Arrivato in cima vidi un uomo disteso a faccia in giù. All’inizio pensai che fosse morto, ma avvicinandomi potevo sentire che respirava. Avrei potuto bruciare la canfora e prendere il veleno solo dopo che se ne fosse andato. Decisi di aspettare e andai a sedermi a debita distanza. Iniziai a pensare. Con la mia morte i debiti sarebbero stati estinti? Forse mia moglie sarebbe finita in prigione? Col mio suicidio, mia moglie avrebbe potuto beneficiare della polizza assicurativa? Mentre stavo ponderando questi aspetti udii che l’uomo che era disteso cantava e singhiozzava allo stesso tempo. Sentii le parole di quel canto penetrare nel profondo del mio cuore e cominciai a piangere anch’io. Sentivo il peso che avevo nel cuore sciogliersi nelle lacrime che scendevano. Mi sentii molto vicino a quell'uomo. Pensai che forse era venuto anche lui per suicidarsi. Mi venne voglia di consolarlo; mi alzai. Quell’uomo si alzò improvvisamente e corse via, senza voltarsi indietro.

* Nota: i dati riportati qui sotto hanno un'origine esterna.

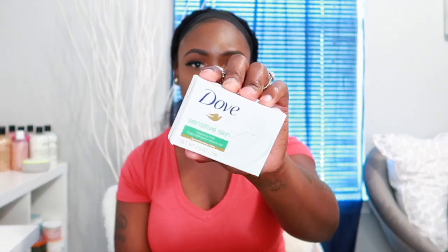The next thing I'm going to get into are bar soaps — I have three to show you guys. The first one is the Dove sensitive skin fragrance-free bar soap. I've been using this in my downstairs area. I really love how cleansing it is without any fragrance, so it won't irritate me and I don't have to worry about it disturbing my pH balance. This is definitely going to stay in my hygiene regimen.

"Bruciai la canfora. Gettai tra le fiamme la fiala col veleno.  Discesi la montagna con la certezza che Dio si sarebbe preso cura di me e tornai a casa.

"Comunque, posso dire che il Signore Shiva abbia ascoltato le mie preghiere. I miei suoceri ci aiutarono con un po 'di denaro. Anche i colleghi di lavoro furono collaborativi. In circa cinque o sei anni, sono tornato a reggermi sulle mie gambe. Ogni tanto i versi che avevo sentito in quella notte fatale mi tornano alla mente. Un paio di anni dopo, ho risentito quegli stessi versi quando ho incontrato Amma. Ho potuto capire così che il mio primo Guru, il Signore Shiva, era riapparso nella forma della Madre Divina e aveva salvato la mia famiglia e me. Poi con la benedizione di Amma abbiamo avuto questi due bambini."

Con un misto di curiosità e ansia, domandai: "Qual'era il bhajan che ha sentito quel giorno?"

"Per molti anni, ho cantato quel bhajan in modo sbagliato, usando parole sbagliate. Ma quanto conforto mi hanno dato quei versi.  'Anandamami lokattil ...' ('In questo universo pieno d'amore ...') era il modo in cui lo cantavo io. Però, Swami, prima di quel momento, non l’avevo mai sentito un canto così dolce!"